The Big Programming Thread - Page 877

Prev 1 875 876 877 878 879 1031 Next

Thread Rules
1. This is not a "do my homework for me" thread. If you have specific questions, ask, but don't post an assignment or homework problem and expect an exact solution.
2. No recruiting for your cockamamie projects (you won't replace facebook with 3 dudes you found on the internet and $20)
3. If you can't articulate why a language is bad, don't start slinging shit about it. Just remember that nothing is worse than making CSS IE6 compatible.
4. Use [code] tags to format code blocks.

Manit0u

Poland17243 Posts

April 26 2017 03:55 GMT

#17521

This definitely gets me closer. I'll still need to figure out some more stuff (obviously, the system is a bit more complex than that, with different queues, pipelines, engines, multiple statuses like rejected, blocked etc. and I need to scope it out properly).

Acrofales

Spain17970 Posts

April 26 2017 10:34 GMT

#17522

On April 26 2017 12:55 Manit0u wrote:
This definitely gets me closer. I'll still need to figure out some more stuff (obviously, the system is a bit more complex than that, with different queues, pipelines, engines, multiple statuses like rejected, blocked etc. and I need to scope it out properly).

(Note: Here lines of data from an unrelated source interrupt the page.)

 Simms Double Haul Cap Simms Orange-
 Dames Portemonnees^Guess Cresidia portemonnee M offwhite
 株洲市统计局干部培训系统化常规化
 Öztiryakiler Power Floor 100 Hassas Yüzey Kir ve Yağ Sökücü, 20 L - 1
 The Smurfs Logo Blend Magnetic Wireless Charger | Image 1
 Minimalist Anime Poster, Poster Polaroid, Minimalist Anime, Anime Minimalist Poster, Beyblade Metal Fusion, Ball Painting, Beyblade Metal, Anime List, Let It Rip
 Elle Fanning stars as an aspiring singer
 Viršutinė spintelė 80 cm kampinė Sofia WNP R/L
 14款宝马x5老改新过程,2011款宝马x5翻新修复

If that's the case is it really worth doin in SQL?

solidbebe

Netherlands4921 Posts

April 26 2017 12:59 GMT

#17523

So I'm doing a project where we are making a system that documents and visualizes system architecture and information flow at a company (which uses 3000+ different IT systems). I'm looking for inspiration but I'm finding it very difficult to find examples of projects similar to this online. I just get flooded in UML/sequence diagrams which is obviously not helpful. Does anyone know of anything?

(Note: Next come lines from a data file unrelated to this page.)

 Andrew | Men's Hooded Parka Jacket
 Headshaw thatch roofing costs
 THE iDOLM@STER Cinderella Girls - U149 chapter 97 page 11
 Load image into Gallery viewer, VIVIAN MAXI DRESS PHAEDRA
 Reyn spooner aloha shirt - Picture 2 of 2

The idea for now is to use javascript and the D3 library to make the visualization. D3 seems very flexible and running it in the browser means we don't have to worry about different versions for OS and updating is easy. I have pretty much no experience with this kind of project so any suggestions are welcome.

Manit0u

Poland17243 Posts

April 26 2017 14:26 GMT

#17524

On April 26 2017 21:59 solidbebe wrote:
So I'm doing a project where we are making a system that documents and visualizes system architecture and information flow at a company (which uses 3000+ different IT systems). I'm looking for inspiration but I'm finding it very difficult to find examples of projects similar to this online. I just get flooded in UML/sequence diagrams which is obviously not helpful. Does anyone know of anything?

The idea for now is to use javascript and the D3 library to make the visualization. D3 seems very flexible and running it in the browser means we don't have to worry about different versions for OS and updating is easy. I have pretty much no experience with this kind of project so any suggestions are welcome.

I'd suggest using neo4j database for that (awesome for graphs) and then you could check facebook graph api for how they generate their output:

[image loading]

Djagulingu

Germany3605 Posts

April 26 2017 14:28 GMT

#17525

3000+? Is that real? That number is 50 times the amount of different IT systems one of the telecommunications giants in my country uses.

About the project: If you are going to draw anything on the web, you can't ever go wrong with D3. We have done something similar by having JSON objects as blueprints and drawing with D3 according to the blueprint. In such a structure, SVG is much more efficient than Canvas, so D3 is the way to go. Also, don't ever think about server side rendering with this shit.

spinesheath

Germany8679 Posts

April 26 2017 16:35 GMT

#17526

Maybe gephi.org is of any help?

Deleted User 3420

24492 Posts

April 26 2017 17:39 GMT

#17527

I had a combinatoric question on an exam that blindsided me.

A class has 5 TAs and 2 teachers.
A team of 4 of them is assigned (at random) to grade papers.
What are the odds that the 2 teachers are assigned to grade papers?

Thee question came with a hint that for this one they wanted a ratio of natural numbers (fraction), and that the answer should be found by using fractions and using a process of canceling most of them out. The hint confused the shit out of me.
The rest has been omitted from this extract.